The only way to succeed in life is by learning that no one will give you anything for free, the former Assembly of First Nations chief Phil Fontaine said to a roomful of high school students.
"You have to go out and work very, very hard to achieve the kind of success you wish to have," he said Thursday morning at St. Patrick High School to students from St. Pats, St. Ignatius High School and Pope John Paul II Senior Elementary School.
Fontaine, a special advisor for the Royal Bank of Canada, spoke to the students about the educational opportunities available for Aboriginal youth to kick off RBC and Lakehead University’s joint Aboriginal outreach program.
The program is a one-year, four-stage pilot project that will offer events and activities to Aboriginal youth living in and around Thunder Bay to show them the possible paths they can take to a successful career.
Fontaine said the message he delivered to the students was that despite the demands, expectations and pressures youth face, the most effective way of securing a good future is to be successful in school.
"We live in a very rapidly changing world and the expectations and needs in fact are different – pretty complex – and we need educated people, well-trained people," he said. "It’s very important that every student that was present in this room makes a real effort to achieve success in high school."
That success will offer them choices and enable them to make decisions regarding the kind of future they want for themselves.

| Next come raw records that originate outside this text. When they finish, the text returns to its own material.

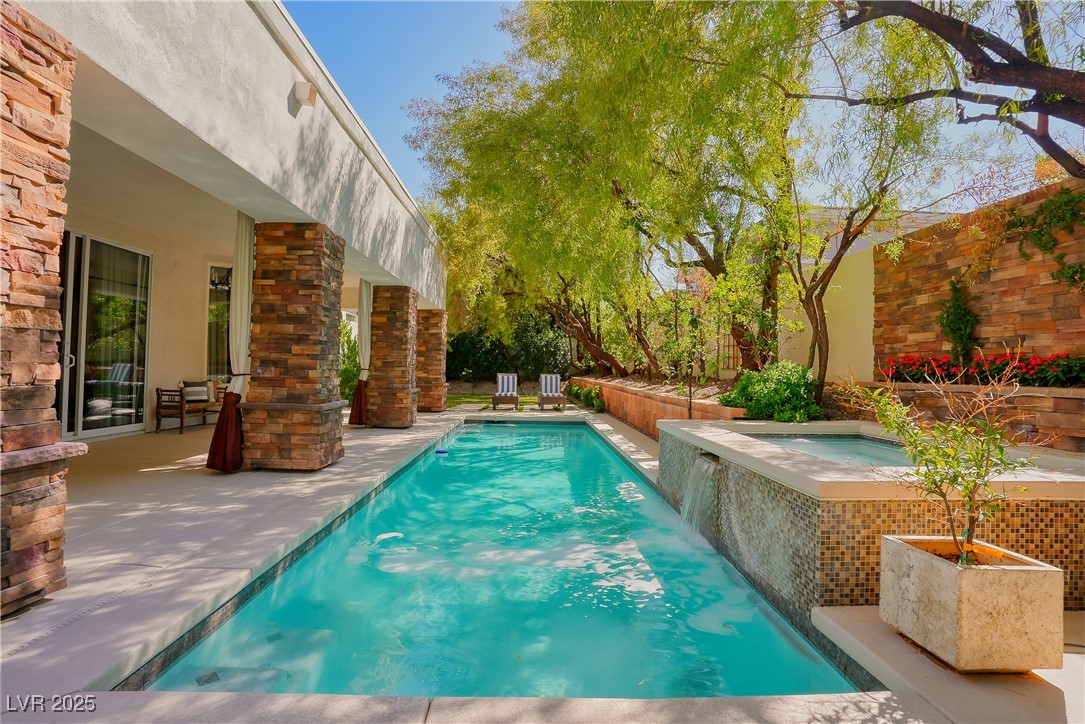 9500 BALATTA CANYON Court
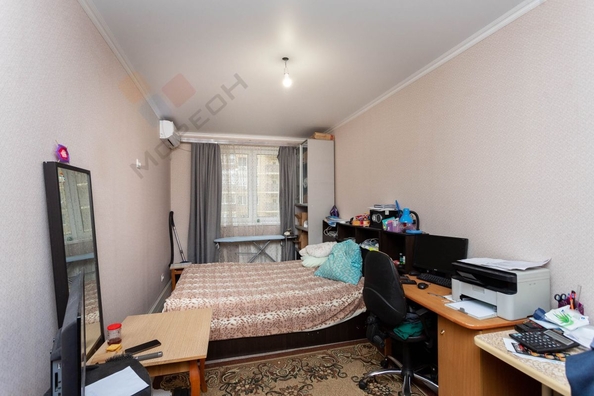 
   Продам 3-комнатную, 76 м², Московская ул, 118к1

. Фото 4.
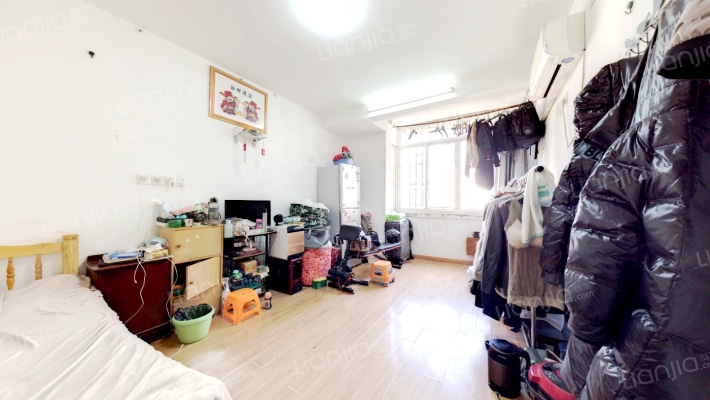 宝山路519号二手房实景图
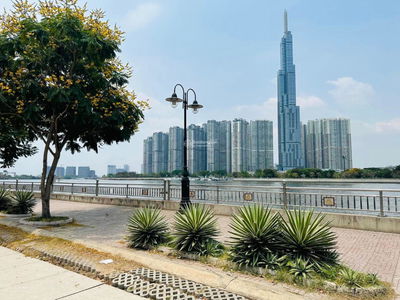 Tran Nao Street, Vietnam  Tran Nao Street, Vietnam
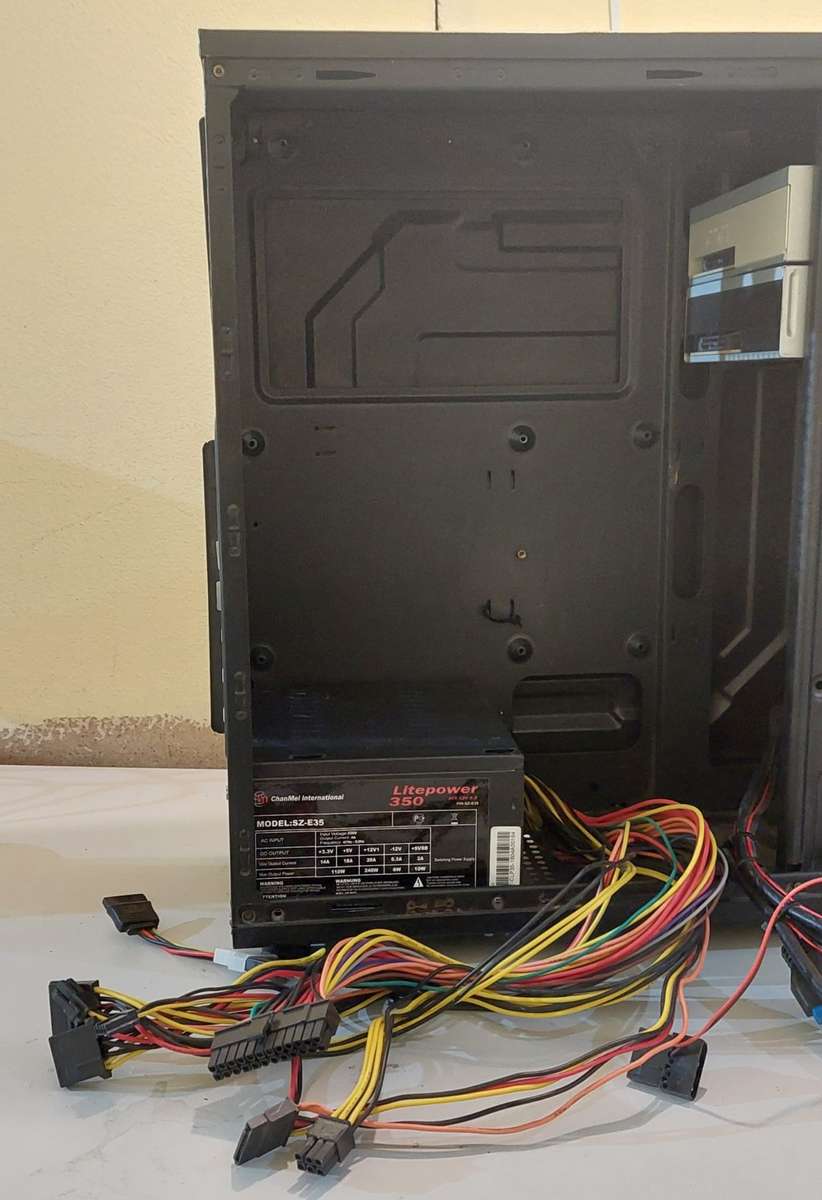 Desktop case + 2 PSUs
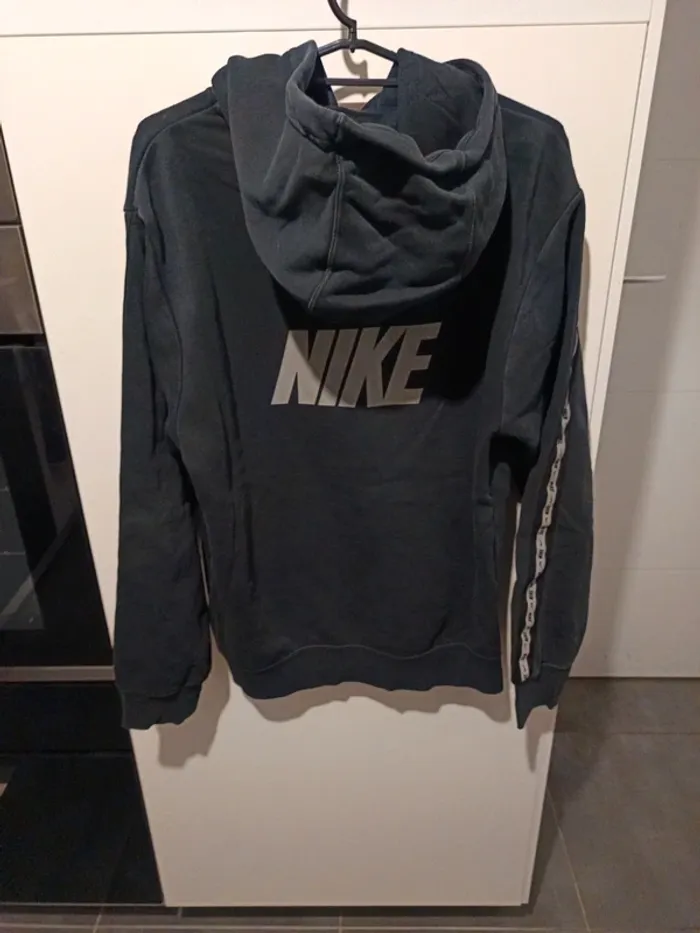 Lot sweat à capuche et ter shirt - photo numéro 5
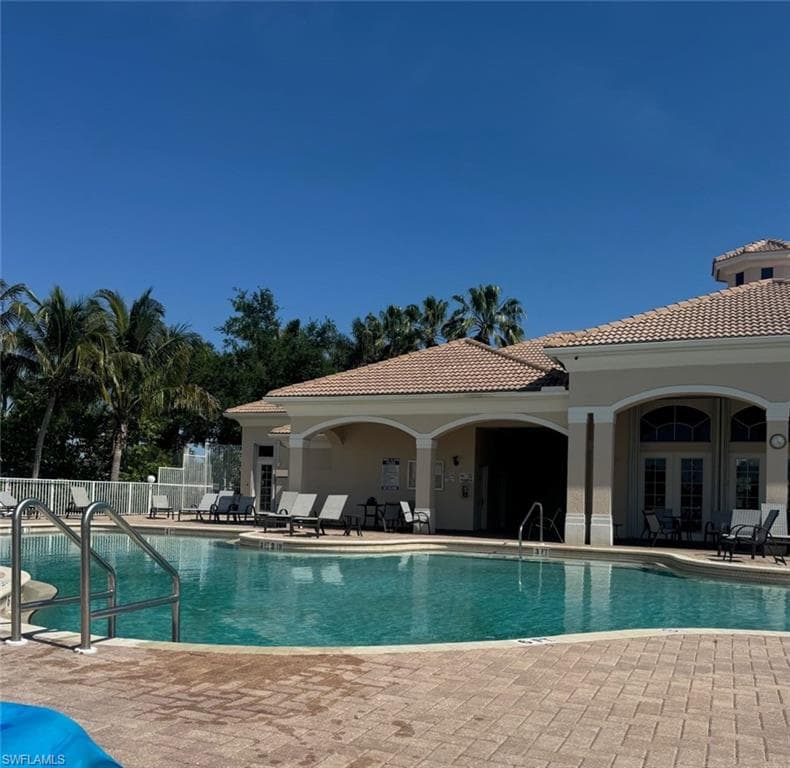 1526 Lake Jessup Cir, Cape Coral, FL 33909-24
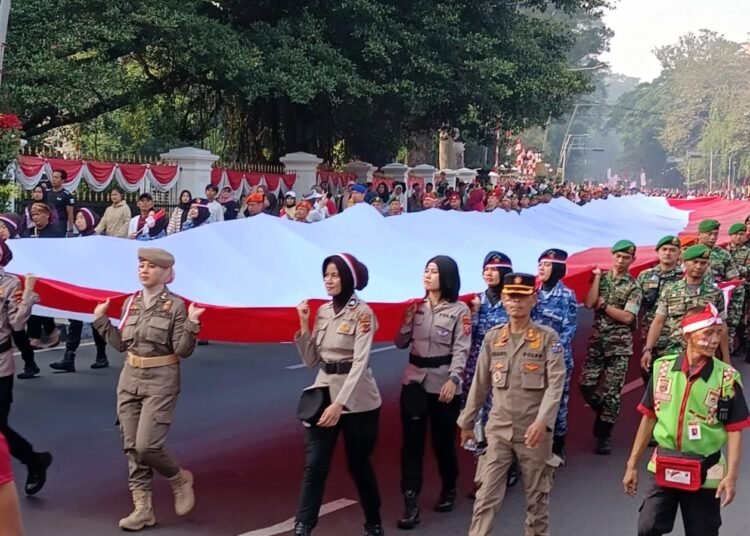 Kirab Merah Putih, 2 Bendera Raksasa Diarak di Kota Bogor 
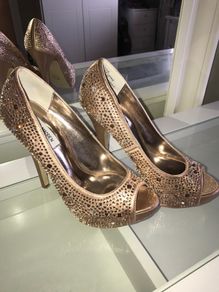 Steve Madden Crystal Court Shoes- Like Ginas!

Having attended two residential schools growing up, Fontaine acknowledged that today’s world is much different than the one he grew up in and there are higher standards placed on today’s Aboriginal youth.
His community regained control over their education in 1973 and maintaining that control is important to Fontaine.
"The kind of success I know we need to achieve is very much dependent on the kind of control we are able to exercise over education in our communities and in urban centres like (Thunder Bay)," he said.